■ **Try it**: Produce a verbatim copy of the following records, leaving out all pictures.
★ ★ ★ ★
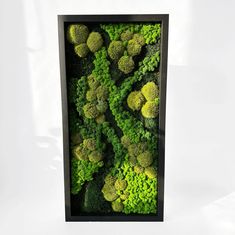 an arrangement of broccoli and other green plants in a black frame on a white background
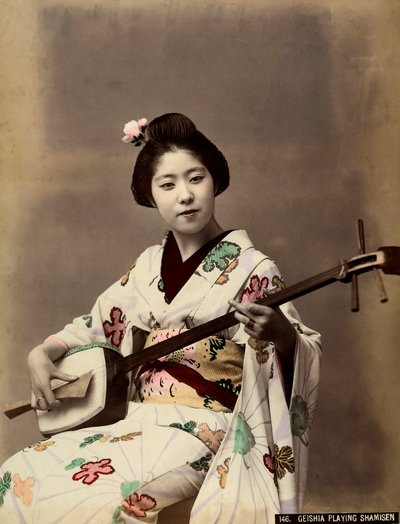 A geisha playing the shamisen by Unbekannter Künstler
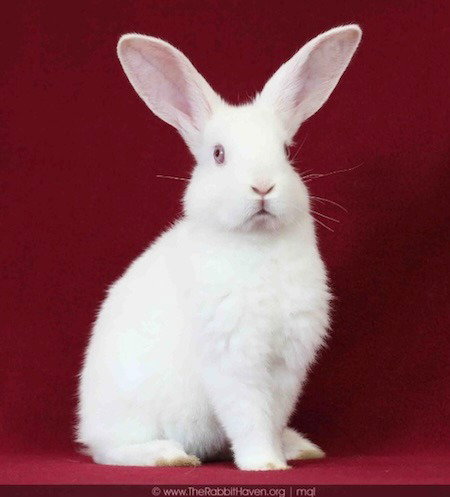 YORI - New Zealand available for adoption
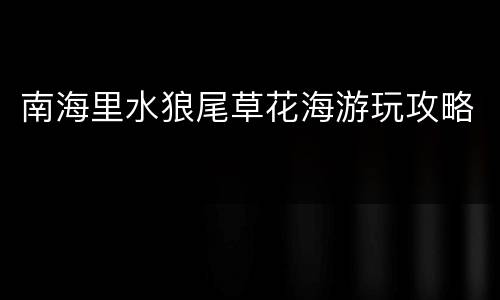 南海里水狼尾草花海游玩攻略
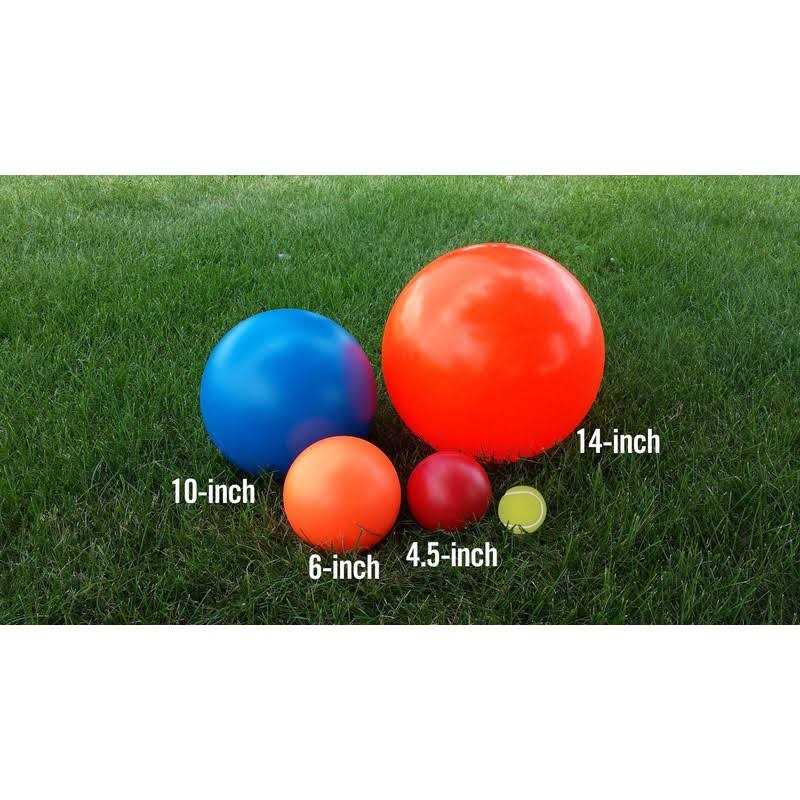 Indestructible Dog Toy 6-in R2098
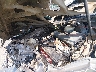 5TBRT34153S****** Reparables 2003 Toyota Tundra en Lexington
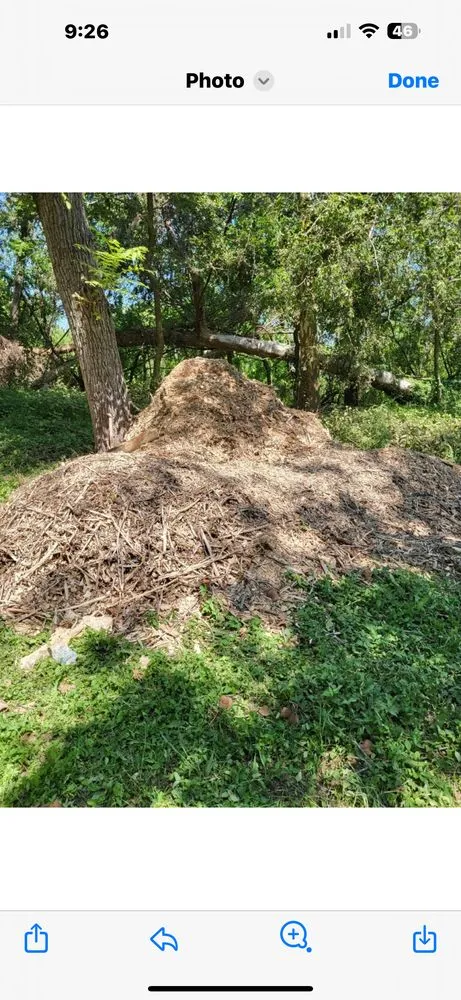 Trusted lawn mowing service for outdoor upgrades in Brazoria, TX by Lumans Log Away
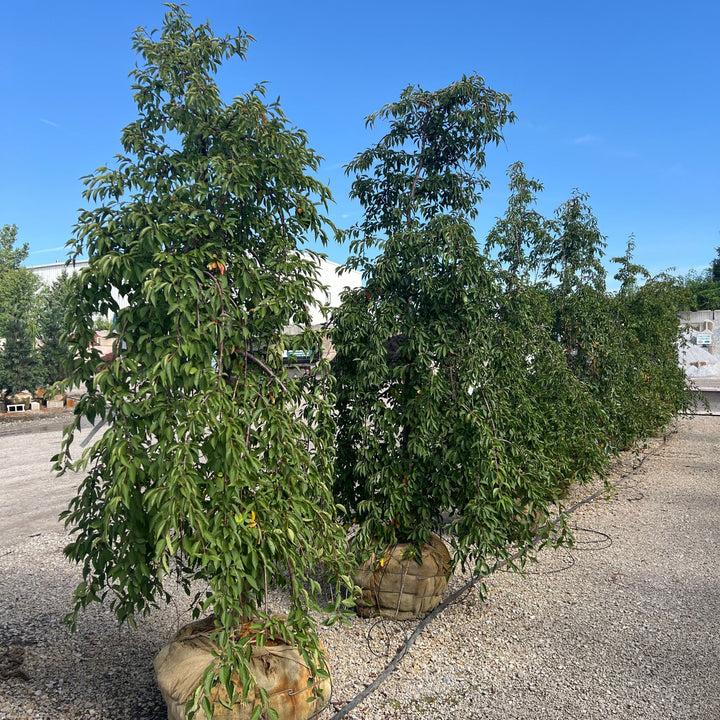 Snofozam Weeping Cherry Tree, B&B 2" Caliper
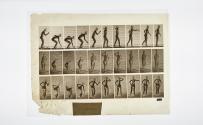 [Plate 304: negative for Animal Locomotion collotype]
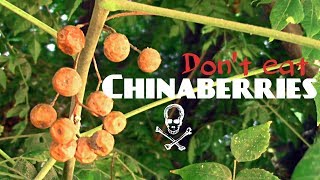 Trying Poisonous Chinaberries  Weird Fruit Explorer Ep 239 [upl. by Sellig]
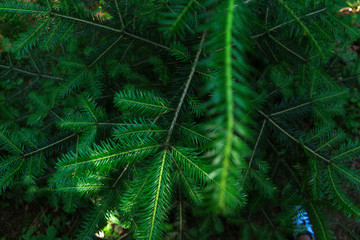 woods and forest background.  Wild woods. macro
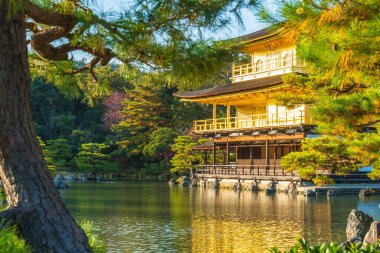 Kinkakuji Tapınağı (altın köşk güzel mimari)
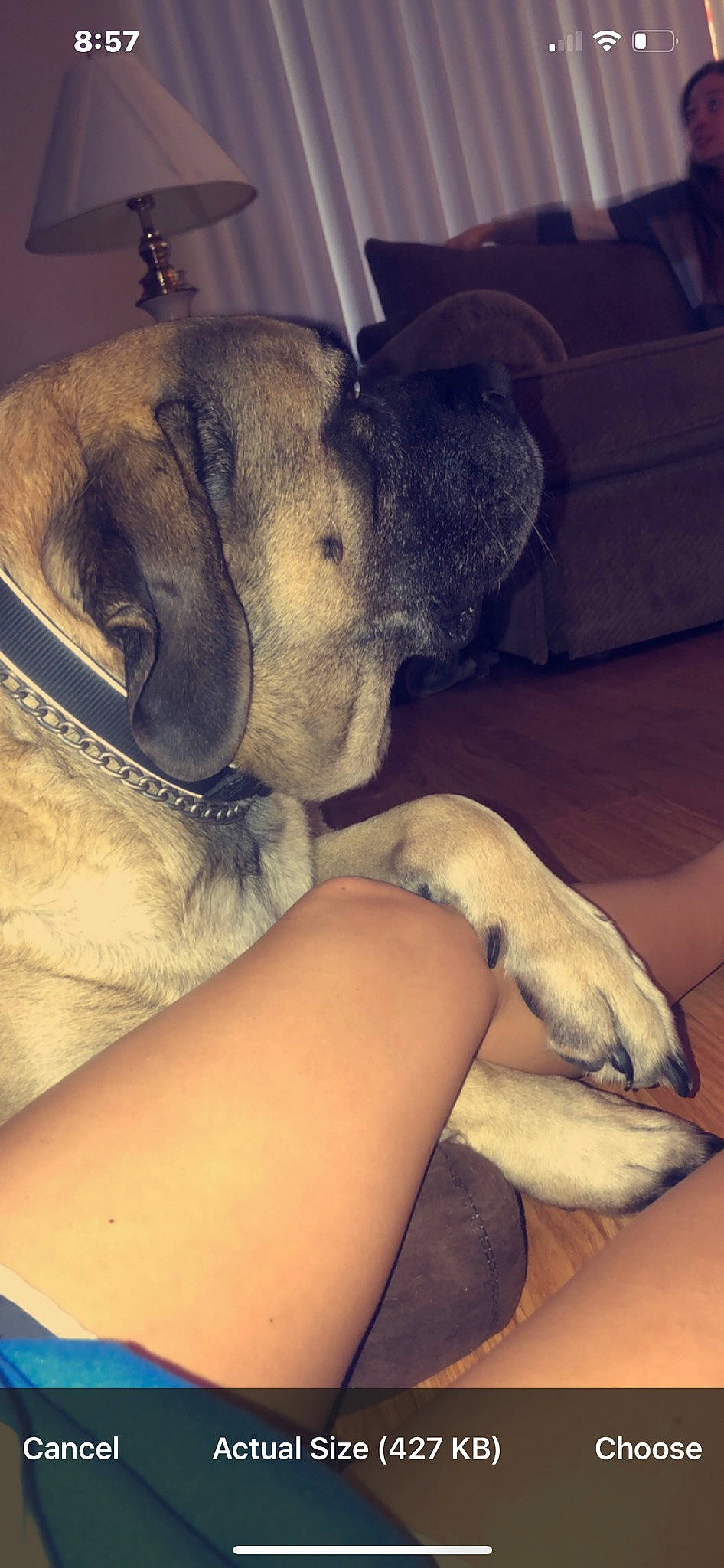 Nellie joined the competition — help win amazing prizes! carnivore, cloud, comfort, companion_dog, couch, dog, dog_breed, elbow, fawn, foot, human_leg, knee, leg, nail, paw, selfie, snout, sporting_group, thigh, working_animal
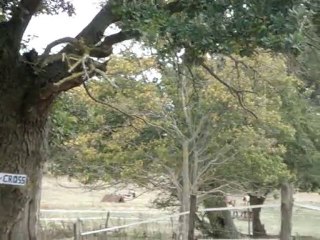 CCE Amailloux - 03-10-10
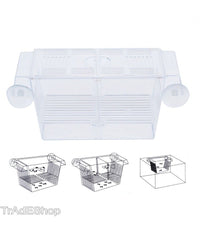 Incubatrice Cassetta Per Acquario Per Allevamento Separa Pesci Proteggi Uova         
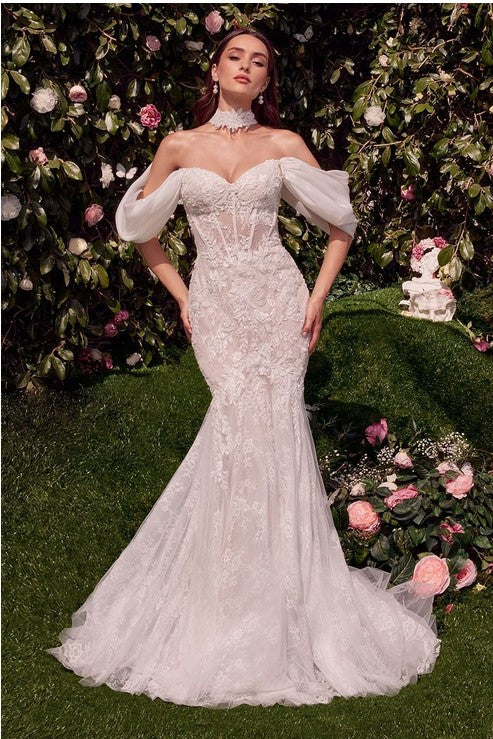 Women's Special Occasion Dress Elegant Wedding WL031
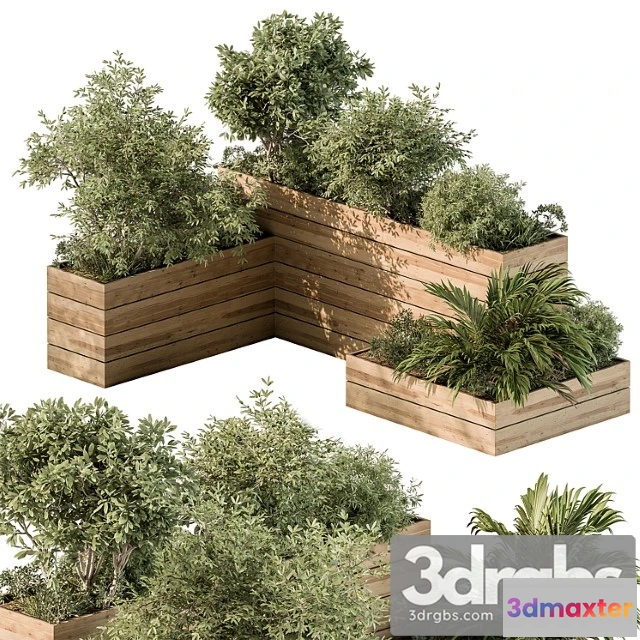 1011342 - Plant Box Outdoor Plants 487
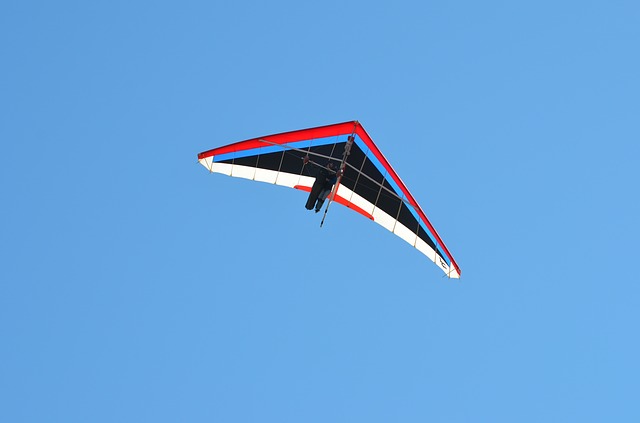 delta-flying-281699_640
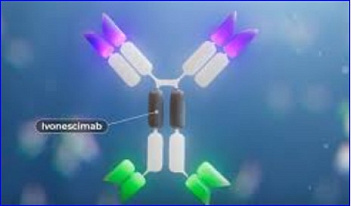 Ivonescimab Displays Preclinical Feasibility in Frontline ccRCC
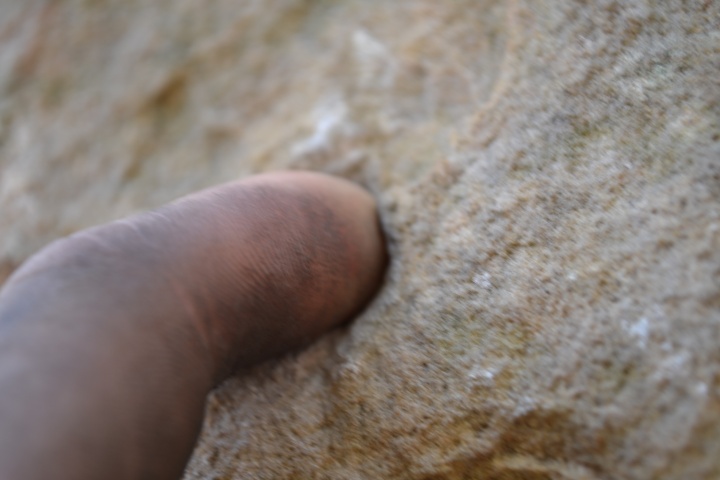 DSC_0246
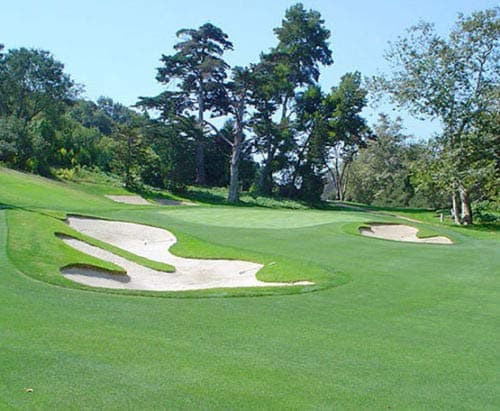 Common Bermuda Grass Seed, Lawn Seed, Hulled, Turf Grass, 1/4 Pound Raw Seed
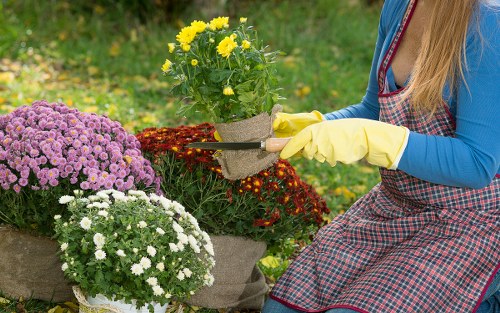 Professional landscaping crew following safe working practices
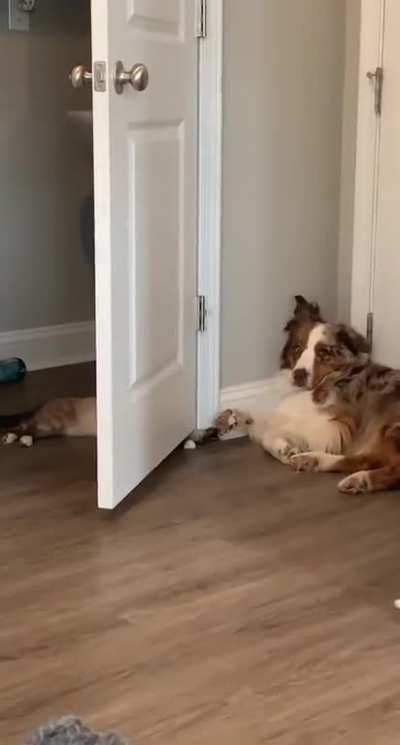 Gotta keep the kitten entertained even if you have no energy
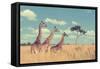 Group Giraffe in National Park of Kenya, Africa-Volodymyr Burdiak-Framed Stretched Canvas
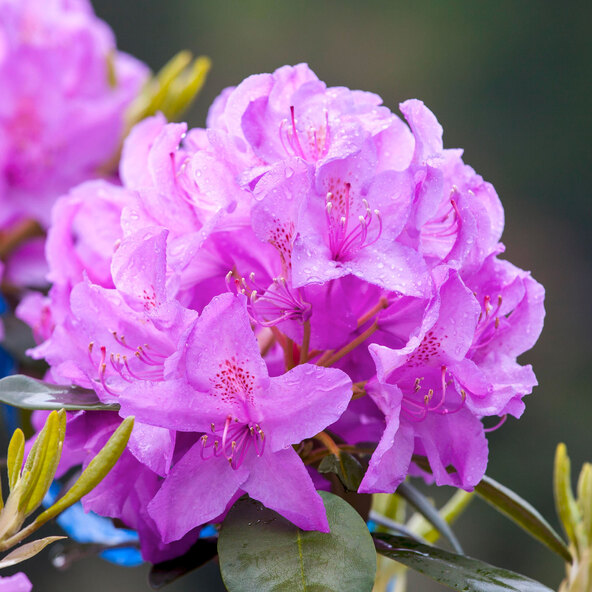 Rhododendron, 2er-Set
★ ★ ★ ★
■ **Expected answer**:
 an arrangement of broccoli and other green plants in a black frame on a white background
 A geisha playing the shamisen by Unbekannter Künstler
 YORI - New Zealand available for adoption
 南海里水狼尾草花海游玩攻略
 Indestructible Dog Toy 6-in R2098
 5TBRT34153S****** Reparables 2003 Toyota Tundra en Lexington
 Trusted lawn mowing service for outdoor upgrades in Brazoria, TX by Lumans Log Away
 Snofozam Weeping Cherry Tree, B&B 2" Caliper
 [Plate 304: negative for Animal Locomotion collotype]
 Trying Poisonous Chinaberries  Weird Fruit Explorer Ep 239 [upl. by Sellig]
 woods and forest background.  Wild woods. macro
 Kinkakuji Tapınağı (altın köşk güzel mimari)
 Nellie joined the competition — help win amazing prizes! carnivore, cloud, comfort, companion_dog, couch, dog, dog_breed, elbow, fawn, foot, human_leg, knee, leg, nail, paw, selfie, snout, sporting_group, thigh, working_animal
 CCE Amailloux - 03-10-10
 Incubatrice Cassetta Per Acquario Per Allevamento Separa Pesci Proteggi Uova         
 Women's Special Occasion Dress Elegant Wedding WL031
 1011342 - Plant Box Outdoor Plants 487
 delta-flying-281699_640
 Ivonescimab Displays Preclinical Feasibility in Frontline ccRCC
 DSC_0246
 Common Bermuda Grass Seed, Lawn Seed, Hulled, Turf Grass, 1/4 Pound Raw Seed
 Professional landscaping crew following safe working practices
 Gotta keep the kitten entertained even if you have no energy
 Group Giraffe in National Park of Kenya, Africa-Volodymyr Burdiak-Framed Stretched Canvas
 Rhododendron, 2er-Set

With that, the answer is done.